NU Online News Service, March 16, 10:34 a.m. EDT
Company directors do not realize the full threat of their cyber-liability exposure, and they must be more aware of the legal hazards they face or risk litigation from investors and regulators, says an insurance broker.
Speaking at the Advisen Cyber Liability Insights Conference hosted by Willis in London on Tuesday, Francis Kean, Willis Group Holdings executive director in the firm’s FINEX Global Unit, warned that boards must understand how exposed their companies are to the digital-threat environment following recent Securities and Exchange Commission guidance on disclosure of cyber-attacks.
“The SEC guidance is a useful wakeup call to the risks of data breaches for boards everywhere, but they now have a delicate balancing act,” Kean says. “The problem with exposing cyber breaches is you don’t want to provide a route map to hackers or potential plaintiffs down the road, but you also don’t want to expose yourself to a shareholder class action.”

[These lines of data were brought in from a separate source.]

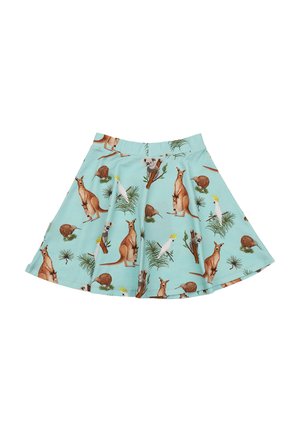 Blauer Rock mit aufgedruckten Illustrationen von Kängurus, Koalas, Kakadus, Kiwis und grünen Blättern.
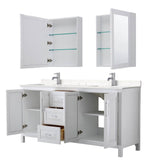 Daria 72 Inch Double Bathroom Vanity in White, Carrara Cultured Marble Countertop, Undermount Square Sinks, Medicine Cabinets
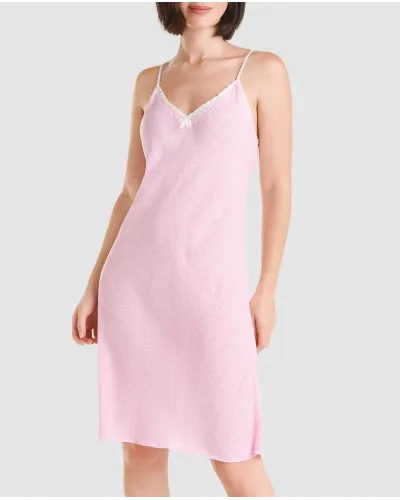Short summer strapless nightdress with pink polka dot print, V-neck and lace trimming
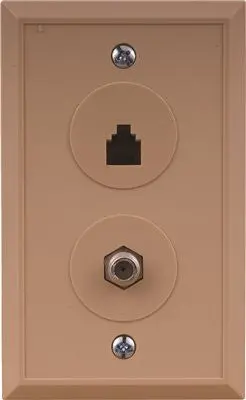 Coaxial And Telephone Wall Plate Combo Cable Jack Ivory 1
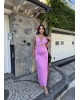 Pembe Sırt Detay Zra Dekolteli Elbise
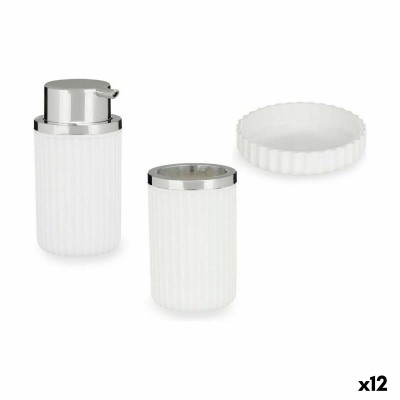 Bath Set Berilo White Plastic 10,5 x 16,5 x 15,5 cm (12 Units)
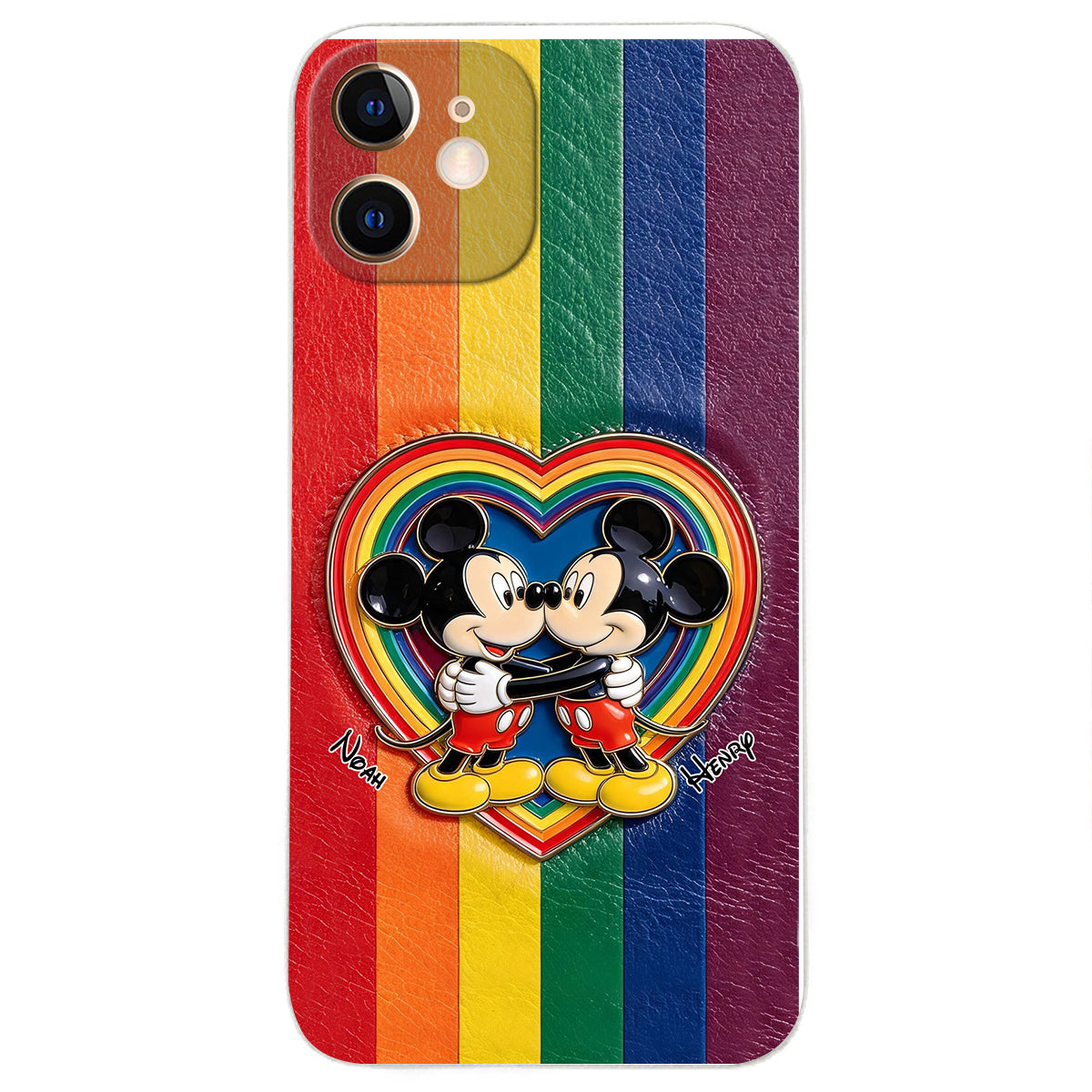 LGBT Cartoon Mouse, Pride Month - Personalized LGBT Support 3D Embossed Leather Phone Case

Kean stressed the need for boards to understand emerging cyber threats, saying, “There is a whole universe of potential cyber risk not understood at a board level. This, in turn, creates a risk that directors will fail to discharge their duty of care and duty to promote the success of the company. Their fiduciary duties require them to gain some understanding of the cyber threat faced by their companies and to ensure adequate and proportionate procedures are adopted to mitigate the consequences of a serious data breach.”
The SEC guidance was issued last October in response to concerns that it was hard for investors to assess security risks if companies fail to disclose data breaches in their public filings.
There are five specific disclosure areas addressed in the guidance:
- Pre-attack exposure analysis.
- Cyber incidents.
- Exposure to the firm in description of business.
- Legal proceedings.
- Financial statement implication.
On another panel at the event, Jeremy Smith, Willis’ cyber liabilities practice leader, discussed the development of cyber-liability insurance, saying, “The convergence of cyber coverage in recent years was largely due to a lack of sophisticated claims data and significant increases in cybercrime.”
However, Smith noted that brokers are now pushing for further innovation from the market and have managed to secure additional coverage for Payment Card Industry fines (an independent body created by the major credit-card companies that have set information-transmission standards), third-party vendors and terrorism.
Advanced Persistent Threats (APTs), such as theAuroravirus and Nightdragon, are the next challenge for the insurance industry, according to Smith. “APTs are sustained attacks designed to steal intellectual property over a number of years. The insurance industry hasn’t fully tackled this threat yet, but I hope that brokers and insurers will find a solution together in the future.”
Smith went on to warn that companies with large exposures should consider tailored cyber policies.